RECORDS FOR PROCESSING ->
== Segment start ==
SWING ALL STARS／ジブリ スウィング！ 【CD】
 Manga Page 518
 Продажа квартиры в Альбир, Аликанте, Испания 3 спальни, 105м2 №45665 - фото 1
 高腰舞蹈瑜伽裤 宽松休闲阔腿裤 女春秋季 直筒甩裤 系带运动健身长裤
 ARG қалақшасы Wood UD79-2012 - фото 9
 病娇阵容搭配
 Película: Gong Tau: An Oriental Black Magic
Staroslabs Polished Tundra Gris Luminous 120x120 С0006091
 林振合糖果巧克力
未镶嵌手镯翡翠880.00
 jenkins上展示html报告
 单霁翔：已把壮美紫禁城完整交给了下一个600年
== Segment end ==
REQUIRED WORK -> Beginning with the line containing "Staroslabs Polished Tundra" and ending with the last line of the listing above, return every line exactly and nothing else.

EXERCISE SOLUTION ->
Staroslabs Polished Tundra Gris Luminous 120x120 С0006091
 林振合糖果巧克力
未镶嵌手镯翡翠880.00
 jenkins上展示html报告
 单霁翔：已把壮美紫禁城完整交给了下一个600年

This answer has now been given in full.